Comparing lazy and eager learning models for water level forecasting in river-reservoir basins of inundation regions

Abstract

This study developed a methodology for formulating water level models to forecast river stages during typhoons, comparing various models by using lazy and eager learning approaches. Two lazy learning models were introduced: the locally weighted regression (LWR) and the k-nearest neighbor (kNN) models. Their efficacy was compared with that of three eager learning models, namely, the artificial neural network (ANN), support vector regression (SVR), and linear regression (REG). These models were employed to analyze the Tanshui River Basin in Taiwan. The data collected comprised 50 historical typhoon events and relevant hourly hydrological data from the river basin during 1996–2007. The forecasting horizon ranged from 1 h to 4 h. Various statistical measures were calculated, including the correlation coefficient, mean absolute error, and root mean square error. Moreover, significance, computation efficiency, and Akaike information criterion were evaluated. The results indicated that (a) among the eager learning models, ANN and SVR yielded more favorable results than REG (based on statistical analyses and significance tests).

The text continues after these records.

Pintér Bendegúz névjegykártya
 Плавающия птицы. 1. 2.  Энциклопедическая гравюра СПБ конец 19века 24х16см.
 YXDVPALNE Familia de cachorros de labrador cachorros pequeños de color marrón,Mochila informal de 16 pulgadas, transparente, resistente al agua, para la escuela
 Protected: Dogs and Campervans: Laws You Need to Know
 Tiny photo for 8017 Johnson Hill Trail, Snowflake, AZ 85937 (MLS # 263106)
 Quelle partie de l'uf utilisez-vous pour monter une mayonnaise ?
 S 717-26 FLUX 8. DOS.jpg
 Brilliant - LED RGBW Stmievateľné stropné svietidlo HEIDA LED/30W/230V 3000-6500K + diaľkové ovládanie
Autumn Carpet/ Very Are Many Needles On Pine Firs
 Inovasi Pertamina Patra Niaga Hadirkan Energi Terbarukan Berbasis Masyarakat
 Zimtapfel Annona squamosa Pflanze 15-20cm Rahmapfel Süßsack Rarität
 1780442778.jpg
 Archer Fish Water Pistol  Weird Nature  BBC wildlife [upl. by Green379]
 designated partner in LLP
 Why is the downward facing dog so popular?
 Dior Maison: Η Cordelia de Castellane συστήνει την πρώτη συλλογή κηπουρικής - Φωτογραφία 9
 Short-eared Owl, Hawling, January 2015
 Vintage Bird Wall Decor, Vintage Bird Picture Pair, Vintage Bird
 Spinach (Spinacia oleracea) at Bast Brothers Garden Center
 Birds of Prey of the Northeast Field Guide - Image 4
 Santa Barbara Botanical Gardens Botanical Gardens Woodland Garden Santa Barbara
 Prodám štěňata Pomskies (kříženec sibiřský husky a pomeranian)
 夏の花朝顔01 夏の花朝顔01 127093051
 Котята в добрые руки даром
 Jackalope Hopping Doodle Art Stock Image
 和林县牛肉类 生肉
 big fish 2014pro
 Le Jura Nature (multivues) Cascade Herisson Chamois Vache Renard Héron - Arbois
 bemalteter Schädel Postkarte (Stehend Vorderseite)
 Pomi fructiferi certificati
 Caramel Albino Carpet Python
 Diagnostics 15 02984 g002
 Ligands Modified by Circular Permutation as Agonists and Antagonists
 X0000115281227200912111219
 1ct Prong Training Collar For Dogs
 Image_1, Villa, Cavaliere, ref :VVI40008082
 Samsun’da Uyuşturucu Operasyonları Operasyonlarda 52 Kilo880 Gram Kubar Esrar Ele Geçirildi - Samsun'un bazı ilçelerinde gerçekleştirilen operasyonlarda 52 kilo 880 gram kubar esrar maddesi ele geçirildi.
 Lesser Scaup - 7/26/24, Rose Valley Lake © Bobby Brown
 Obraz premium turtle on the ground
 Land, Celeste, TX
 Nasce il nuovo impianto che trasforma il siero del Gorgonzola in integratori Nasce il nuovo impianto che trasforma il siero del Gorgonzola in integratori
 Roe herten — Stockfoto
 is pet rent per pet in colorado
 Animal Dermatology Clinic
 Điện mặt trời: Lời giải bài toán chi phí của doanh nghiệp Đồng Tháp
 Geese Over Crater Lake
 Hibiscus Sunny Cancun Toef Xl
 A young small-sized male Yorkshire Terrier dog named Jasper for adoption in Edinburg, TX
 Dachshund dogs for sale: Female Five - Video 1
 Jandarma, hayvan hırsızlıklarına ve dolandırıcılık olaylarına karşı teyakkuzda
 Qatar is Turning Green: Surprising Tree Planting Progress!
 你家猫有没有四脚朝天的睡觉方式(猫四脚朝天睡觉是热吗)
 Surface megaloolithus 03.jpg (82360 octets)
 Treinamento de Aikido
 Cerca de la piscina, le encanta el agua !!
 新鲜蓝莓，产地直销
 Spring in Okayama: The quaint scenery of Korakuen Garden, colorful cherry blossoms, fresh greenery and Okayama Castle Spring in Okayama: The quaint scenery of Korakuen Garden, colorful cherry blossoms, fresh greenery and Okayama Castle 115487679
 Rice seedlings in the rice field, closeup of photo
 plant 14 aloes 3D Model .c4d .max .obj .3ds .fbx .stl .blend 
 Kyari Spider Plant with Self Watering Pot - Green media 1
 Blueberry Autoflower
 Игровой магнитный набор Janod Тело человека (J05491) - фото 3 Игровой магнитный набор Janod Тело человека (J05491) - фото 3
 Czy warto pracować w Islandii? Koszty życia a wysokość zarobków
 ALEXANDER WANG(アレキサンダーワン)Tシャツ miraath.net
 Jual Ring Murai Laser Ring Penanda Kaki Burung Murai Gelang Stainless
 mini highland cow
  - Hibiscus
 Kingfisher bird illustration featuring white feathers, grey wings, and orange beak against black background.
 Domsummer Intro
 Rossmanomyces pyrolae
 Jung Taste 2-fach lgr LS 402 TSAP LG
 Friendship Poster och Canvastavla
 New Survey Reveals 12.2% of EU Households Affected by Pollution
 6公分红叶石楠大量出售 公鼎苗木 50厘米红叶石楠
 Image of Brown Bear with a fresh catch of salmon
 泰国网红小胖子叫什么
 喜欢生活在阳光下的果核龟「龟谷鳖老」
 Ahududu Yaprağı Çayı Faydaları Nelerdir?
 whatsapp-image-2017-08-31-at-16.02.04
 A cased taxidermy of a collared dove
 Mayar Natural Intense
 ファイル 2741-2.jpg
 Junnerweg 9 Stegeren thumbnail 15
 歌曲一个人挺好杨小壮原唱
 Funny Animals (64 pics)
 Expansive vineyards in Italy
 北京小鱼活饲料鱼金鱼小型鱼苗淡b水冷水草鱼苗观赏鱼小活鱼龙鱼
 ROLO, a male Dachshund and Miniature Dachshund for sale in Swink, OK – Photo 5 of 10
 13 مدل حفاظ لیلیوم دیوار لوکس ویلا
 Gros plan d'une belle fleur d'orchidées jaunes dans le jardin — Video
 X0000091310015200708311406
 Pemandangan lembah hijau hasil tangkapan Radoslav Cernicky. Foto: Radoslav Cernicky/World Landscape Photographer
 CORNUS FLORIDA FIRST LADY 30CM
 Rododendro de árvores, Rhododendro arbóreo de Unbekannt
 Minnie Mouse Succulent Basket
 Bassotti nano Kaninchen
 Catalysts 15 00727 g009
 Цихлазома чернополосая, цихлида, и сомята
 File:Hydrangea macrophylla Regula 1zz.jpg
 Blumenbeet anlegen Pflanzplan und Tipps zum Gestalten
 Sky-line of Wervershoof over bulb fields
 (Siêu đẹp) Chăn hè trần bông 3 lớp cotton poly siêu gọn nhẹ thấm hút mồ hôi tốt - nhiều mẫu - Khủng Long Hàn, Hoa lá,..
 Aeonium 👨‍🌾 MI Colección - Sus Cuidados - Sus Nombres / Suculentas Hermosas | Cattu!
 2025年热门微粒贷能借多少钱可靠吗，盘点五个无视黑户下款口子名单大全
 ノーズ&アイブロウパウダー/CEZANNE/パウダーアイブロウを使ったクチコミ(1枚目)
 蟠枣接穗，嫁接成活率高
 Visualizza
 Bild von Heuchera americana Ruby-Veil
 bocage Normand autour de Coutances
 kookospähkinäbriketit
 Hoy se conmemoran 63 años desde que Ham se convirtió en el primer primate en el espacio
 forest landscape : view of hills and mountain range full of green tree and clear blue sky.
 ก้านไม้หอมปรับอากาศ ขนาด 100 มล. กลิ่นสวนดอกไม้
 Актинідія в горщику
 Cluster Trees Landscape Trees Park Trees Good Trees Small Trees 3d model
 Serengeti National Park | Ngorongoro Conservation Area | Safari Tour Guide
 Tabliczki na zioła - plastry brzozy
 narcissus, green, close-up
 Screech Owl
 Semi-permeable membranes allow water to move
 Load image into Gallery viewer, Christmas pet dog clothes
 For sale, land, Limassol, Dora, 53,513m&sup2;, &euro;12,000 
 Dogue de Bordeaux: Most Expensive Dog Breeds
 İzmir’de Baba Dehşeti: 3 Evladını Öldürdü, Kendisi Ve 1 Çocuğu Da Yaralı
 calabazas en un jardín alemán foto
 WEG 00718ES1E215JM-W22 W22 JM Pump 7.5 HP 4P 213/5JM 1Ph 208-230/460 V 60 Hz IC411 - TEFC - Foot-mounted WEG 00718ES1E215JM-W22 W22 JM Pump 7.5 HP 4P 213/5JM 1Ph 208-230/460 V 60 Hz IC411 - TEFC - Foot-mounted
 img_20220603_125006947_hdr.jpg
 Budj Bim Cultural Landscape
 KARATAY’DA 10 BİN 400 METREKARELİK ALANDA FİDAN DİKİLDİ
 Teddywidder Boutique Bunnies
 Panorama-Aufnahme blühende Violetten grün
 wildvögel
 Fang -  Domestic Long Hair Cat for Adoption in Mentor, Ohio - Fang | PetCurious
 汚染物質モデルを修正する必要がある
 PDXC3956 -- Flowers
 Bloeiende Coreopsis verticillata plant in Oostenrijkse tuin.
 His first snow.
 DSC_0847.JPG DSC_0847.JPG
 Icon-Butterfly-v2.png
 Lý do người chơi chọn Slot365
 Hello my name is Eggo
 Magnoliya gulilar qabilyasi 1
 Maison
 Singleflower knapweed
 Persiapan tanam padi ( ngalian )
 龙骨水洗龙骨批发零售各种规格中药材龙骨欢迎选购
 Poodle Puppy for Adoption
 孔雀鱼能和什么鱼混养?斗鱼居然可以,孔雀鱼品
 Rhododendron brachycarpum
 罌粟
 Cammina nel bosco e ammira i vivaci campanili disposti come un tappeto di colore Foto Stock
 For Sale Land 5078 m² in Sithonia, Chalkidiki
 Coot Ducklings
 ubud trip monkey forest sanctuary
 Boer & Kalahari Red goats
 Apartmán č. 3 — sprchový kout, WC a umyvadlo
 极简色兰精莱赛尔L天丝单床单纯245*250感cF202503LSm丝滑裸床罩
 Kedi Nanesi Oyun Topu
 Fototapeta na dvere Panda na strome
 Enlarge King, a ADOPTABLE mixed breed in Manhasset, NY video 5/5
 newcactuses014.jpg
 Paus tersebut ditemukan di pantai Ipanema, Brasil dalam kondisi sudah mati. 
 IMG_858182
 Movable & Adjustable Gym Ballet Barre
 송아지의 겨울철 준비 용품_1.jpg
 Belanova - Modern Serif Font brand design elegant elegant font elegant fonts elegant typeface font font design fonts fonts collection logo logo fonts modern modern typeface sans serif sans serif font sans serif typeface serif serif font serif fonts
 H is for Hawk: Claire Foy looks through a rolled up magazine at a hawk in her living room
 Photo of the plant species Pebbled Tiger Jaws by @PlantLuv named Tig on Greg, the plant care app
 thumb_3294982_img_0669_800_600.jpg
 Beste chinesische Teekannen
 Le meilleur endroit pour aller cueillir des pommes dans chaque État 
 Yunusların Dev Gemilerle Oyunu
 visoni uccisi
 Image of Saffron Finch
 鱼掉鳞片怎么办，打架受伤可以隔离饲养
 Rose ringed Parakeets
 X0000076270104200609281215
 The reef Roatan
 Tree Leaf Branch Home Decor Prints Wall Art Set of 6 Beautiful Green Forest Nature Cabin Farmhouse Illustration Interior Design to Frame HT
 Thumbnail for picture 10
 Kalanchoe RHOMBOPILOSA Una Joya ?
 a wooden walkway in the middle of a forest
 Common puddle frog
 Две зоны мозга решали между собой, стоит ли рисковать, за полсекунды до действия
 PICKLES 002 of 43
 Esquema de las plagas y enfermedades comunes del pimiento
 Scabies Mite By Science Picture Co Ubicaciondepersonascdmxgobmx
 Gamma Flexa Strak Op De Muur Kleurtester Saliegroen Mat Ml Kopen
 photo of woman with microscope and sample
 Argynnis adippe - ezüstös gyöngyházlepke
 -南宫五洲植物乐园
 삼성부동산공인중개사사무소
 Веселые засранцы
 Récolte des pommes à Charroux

Although ANN, SVR, and REG were categorized as eager learning models, their predictive abilities varied according to various global learning optimizers. (b) Regarding the lazy learning models, LWR performed more favorably than kNN. Although LWR and kNN were categorized as lazy learning models, their predictive abilities were based on diverse local learning optimizers. (c) A comparison of eager and lazy learning models indicated that neither were effective or yielded favorable results, because the distinct approximators of models that can be categorized as either eager or lazy learning models caused the performance to be dependent on individual models.